5 MIN READ

Three bugs in an afternoon — and why we still bet on new tech

We upgraded emdash CMS from 0.4 to 0.6 on msale.com. Three things broke in fifteen minutes, and everything was fixed within the hour. Here's why.

Stylized terminal panel showing three errors — require_dist build error, raw JSON on an invite link, and a magic link pointing at the old workers.dev URL — followed by a green deploy line.

Yesterday afternoon we upgraded emdash CMS from 0.4 to 0.6 on this site. Before the upgrade, everything was green. After the upgrade, three things were broken. An hour later, everything was green again. That's the whole story — and it's why we still recommend new tech to our clients.

What broke

The first thing: invite links in email. The user clicks the link in their inbox and lands on a raw JSON response in the browser instead of a login UI. Not ideal.

The second thing: magic-link emails for sign-in. Even after we cut over to msale.com, the links still pointed at the old workers.dev URL. Emdash had cached the origin in our D1 database at first boot, with no auto-update.

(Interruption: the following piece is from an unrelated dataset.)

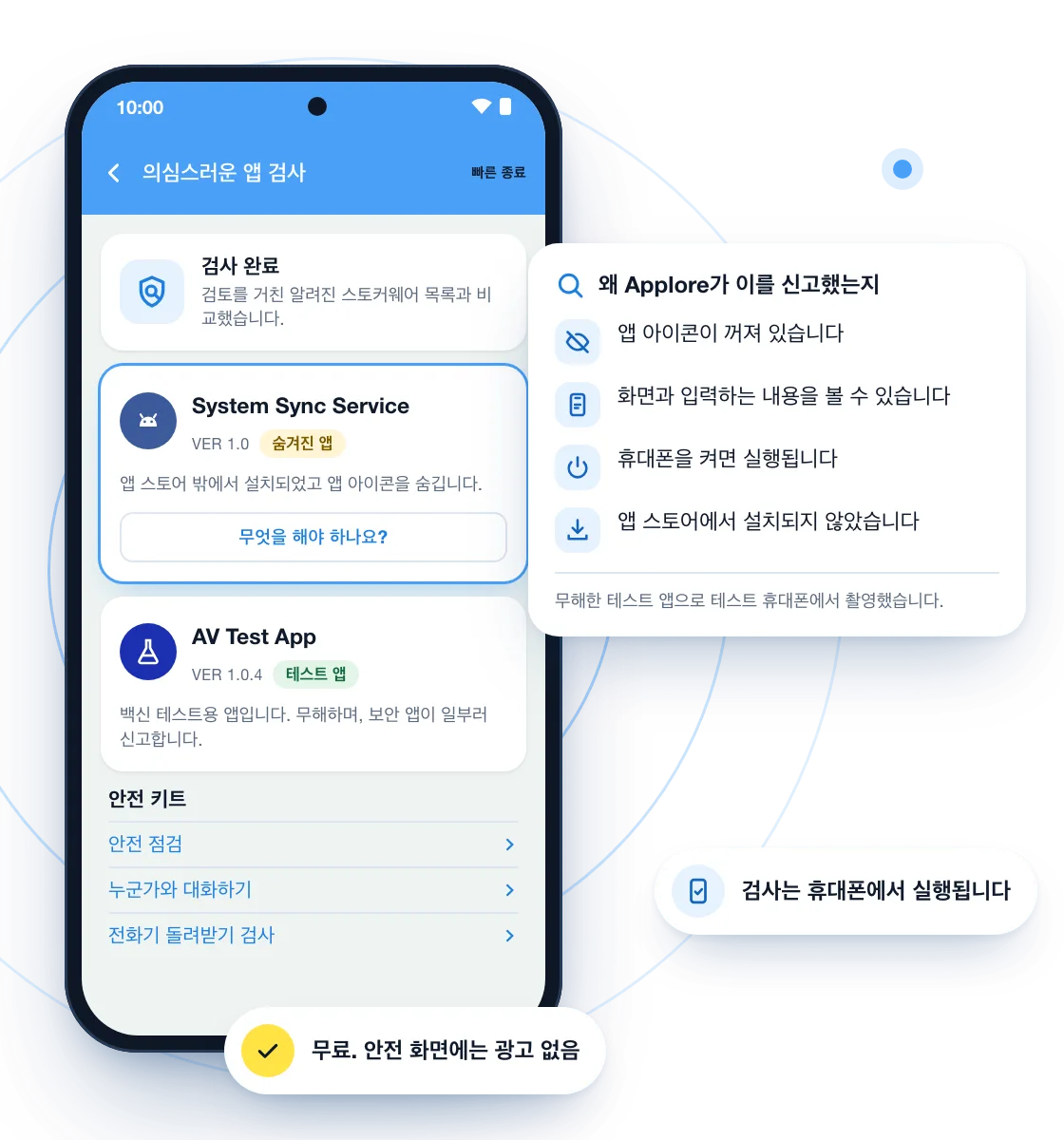 휴대폰에 표시된 Applore 의심스러운 앱 검사 그림. 숨겨진 테스트 앱 System Sync Service가 신고되어 있고, 카드에 그 이유가 적혀 있습니다. 앱 아이콘이 꺼져 있고, 화면과 입력하는 내용을 볼 수 있으며, 휴대폰을 켜면 실행되고, 앱 스토어에서 설치되지 않았습니다. 무해한 백신 테스트용 앱은 테스트 앱으로 표시되어 있습니다. 검사는 휴대폰에서 실행되고 무료이며 안전 화면에는 광고가 없다는 라벨도 있습니다.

The third thing: the build failed. require_dist is not a function — a cryptic error from Cloudflare's Vite plugin with no trail back to our own code.

Why it was quick to fix

The invite bug had been fixed upstream three weeks ago, in emdash 0.5. We were sitting on 0.4. Our fault, not emdash's. Claude Code pulled up the changelog and found the relevant PR in seconds. We bumped versions, tested, done.

The magic-link URL was one wrangler d1 execute command away. We updated options.emdash:site_url in D1, redeployed, done.

The Vite error was a known Astro issue — Astro 6 uses Vite 7, but Cloudflare's plugin picks up Vite 8 from node_modules and the two collide. Claude found the GitHub issue in a single search and pointed to overrides.vite: ^7 as the workaround. Three lines in package.json, clean reinstall, build green again.

What we take away

New tech might cost you time on breakage. It doesn't have to. With modern AI tooling — Claude Code, Codex, and the like — the gap between "unknown error message" and "fix deployed" is short. Not zero, but short.

Our own lesson: we should have updated earlier. Emdash 0.5 was out well before we realised the fix we needed was already on the shelf. The rule is simple enough — always run the latest stable, watch the release notes — but with how fast new tech moves, that rule needs discipline and tooling to hold.

We still say yes to new tech for our clients. The upside — better stack, faster delivery, more flexible product — beats the risk when you combine it with good tooling and an honest habit of staying current.